Other than the two fancy-looking elderly couple coated in what look like expensive jackets in the top-left photo, there wasn’t much in the old look that hinted at ultra-luxuriness. The cost of a trip with them probably took care of establishing that but this felt just one notch higher in quality than Royal Caribbean.
We worked Silversea for over a year. Initially we undertook a detailed review of Silversea’s competitors. This work lead to a number of strategic insights and also highlighted that the category represented the experience in a very similar way, with predominantly very staged full-colour photography, accompanied by factual, unemotive copy.
Strategically we worked with Silversea to help define their brand positioning. We also created a new visual identity, designed to capture the spirit of adventure and enable Silversea to powerfully differentiate itself within the crowded luxury cruise sector.
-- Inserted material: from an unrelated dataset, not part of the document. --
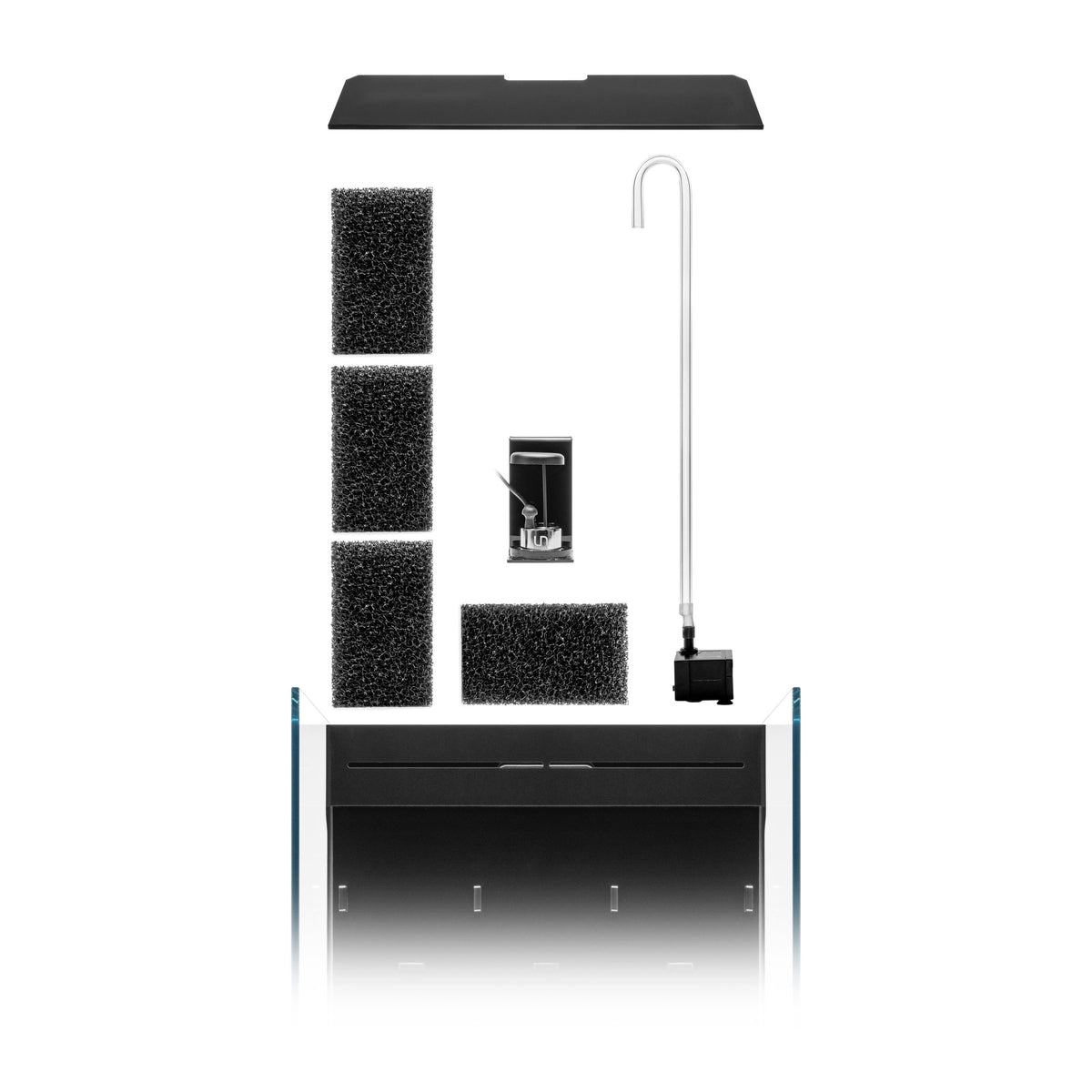 UNS Foresta 35E Integrated Paludarium view 5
At the heart of the visual identity was a striking approach to photography, inspired by old Italian cinematography This creates an evocative and authentic representation of the expedition experience and helps potential guests to imagine themselves on board ship,
An elegant Italian serif font was given a leading role to place the brand’s heritage centre stage. The bold and playful interaction of type with photography reflects the dramatic nature of the expedition experiences.
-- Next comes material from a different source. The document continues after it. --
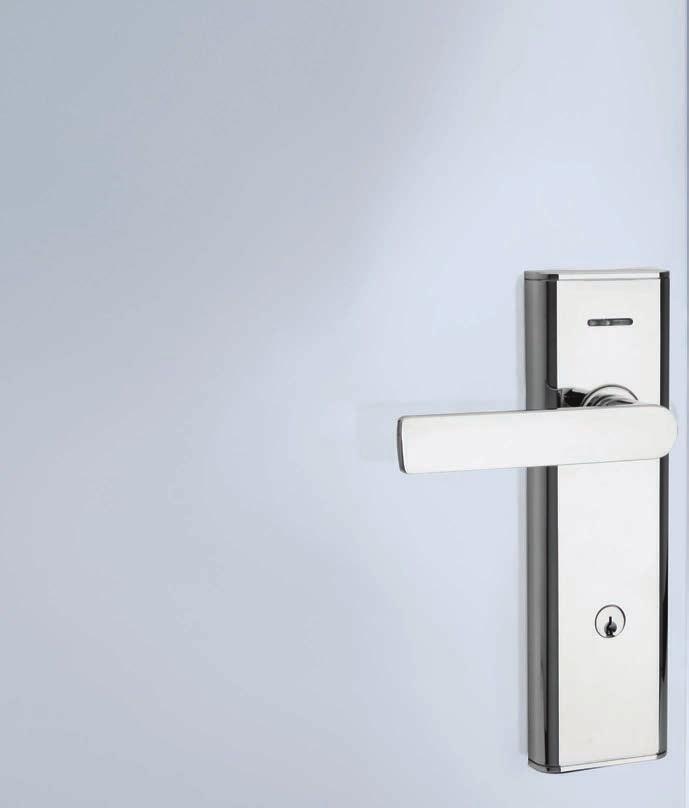 This stylish lock is available in a range of designer Lockwood Handle styles, enabling you to achieve a consistent look throughout your home.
We also developed a witty tone-of-voice, allowing messaging to humorously interact with the subject matter of image style, i.e. ‘Your Carriage Awaits’ accompanies an image of sleigh and huskies.
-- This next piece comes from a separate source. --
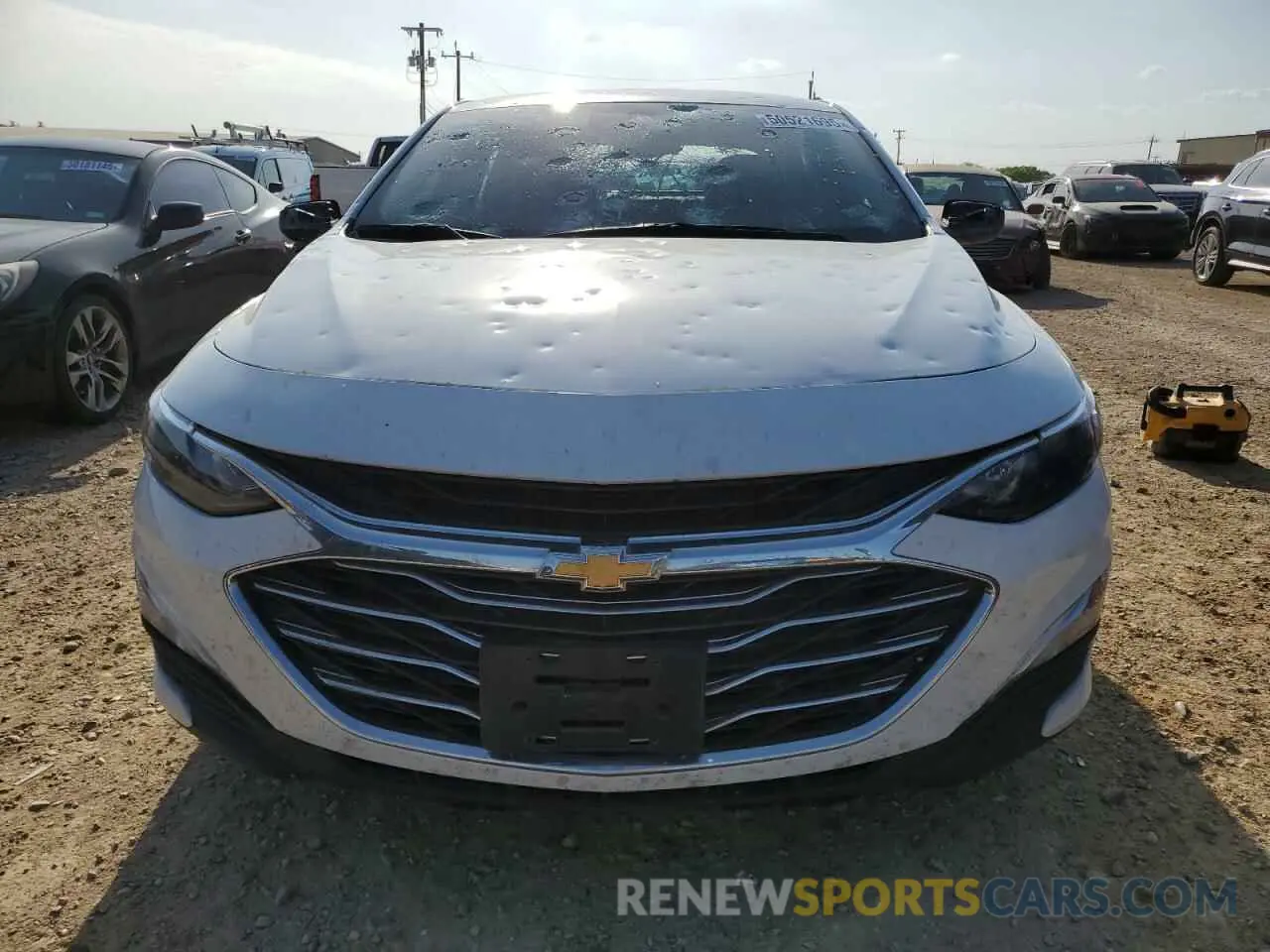 5 fotografías del automóvil dañado 1G1ZC5ST3NF186181 CHEVROLET MALIBU 2022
There is no question the new look is an improvement and there is no typeface like an Italian Didone to signify luxury and no color palette like red-black-and-white to do the same. Killer photography in exotic locations helps further the cause. The interaction between all the elements, with the typography sometimes dutifully masked to work with the elements of the photo add a welcome depth to the applications. Hints of humor take this down a level from being obnoxious. The identity also downplays the logo which now looks very much out of place. Overall, this now looks to be worth the price of admission (and indicates not all can afford it).